Note also that in Inertial Port dialog there is also a field which defines the initial value of the body momentum. By default it is set to zero. We assume that the body starts from the rest and, thus, we accept this value. Now we close the dialog by OK button. The all changes we have made including the new parameter are stored in I component object in the memory.

We will apply similar operations to Integrator ( ∫ ) ports. First we will define the integrator’s input symbol. Thus, we double click the input port and in the dialog that opens we type-in v as the symbol of the body velocity (see the figure below on the left) and accept it by OK. Next, we double click the integrator’s output port (see Figure below on the right). We change the output variable name to x (for the position). The integrator constitutive relation is automatically set. Its initial value was already set to 0.0. We may accept this, which means that the body displacement is measured from its zero initial position. We close dialog by OK button.

Integrator input (left) and output (right) dialogs
Developing Component Models Developing Component Models

Now we can close the Body document by clicking document window control (×) button. Because the document was changed, before closing the document the program asks us what we wish to do next by showing the following message dialog.

Save dialog options
Developing Component Models

To choose the proper button it is necessary to know how BondSim stores the projects. The project title that was created at beginning is stored in the project index (really a map, dictionary). Every project has a different name and corresponding files are stored in the corresponding BondSim program model directory in the corresponding file. The program generates the filenames automatically. We communicate with the program by the project name. The program locates the name in the project index, finds the corresponding filename and opens the project. These files, however, are not common files, but the special compounded files that have the structure of file system inside the file.
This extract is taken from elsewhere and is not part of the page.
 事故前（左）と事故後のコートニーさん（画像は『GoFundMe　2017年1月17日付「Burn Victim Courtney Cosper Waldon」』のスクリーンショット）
They contain storages, which have roles of the directories, and streams which play the roles of the files.  

In the current implementation the project file has structure of the corresponding model tree. At the first level there is a storage, which corresponds to the project. It contains a stream that store the project document. Every component, which is not an elementary one, corresponds to the storage which contains a stream that store the component document. This document contains the other components, etc. In this way the structure of the project is stored in the same way in the storage medium (a disk) as in the memory. The elementary component, because they are rather simple, stores all data in the component object itself. When we close a document it is normally stored in its component. The stored document is not saved on the disk yet. We must store it down the model tree until the project document is reached and then the complete structure is saved to the disk. 

Thus, returning to the Save Dialog shown above, if we select Save button the dialog closes and the current document is stored in its component storage. If on other hand Save to all button is clicked the documents are stored down the model three until the project document is reached, and then the complete structure is saved to the disk in the corresponding file. We may also select Don’t save button, which means the rejecting of the changes made and closing the document. If we select Cancel button the document closing is rejected and the document stays open.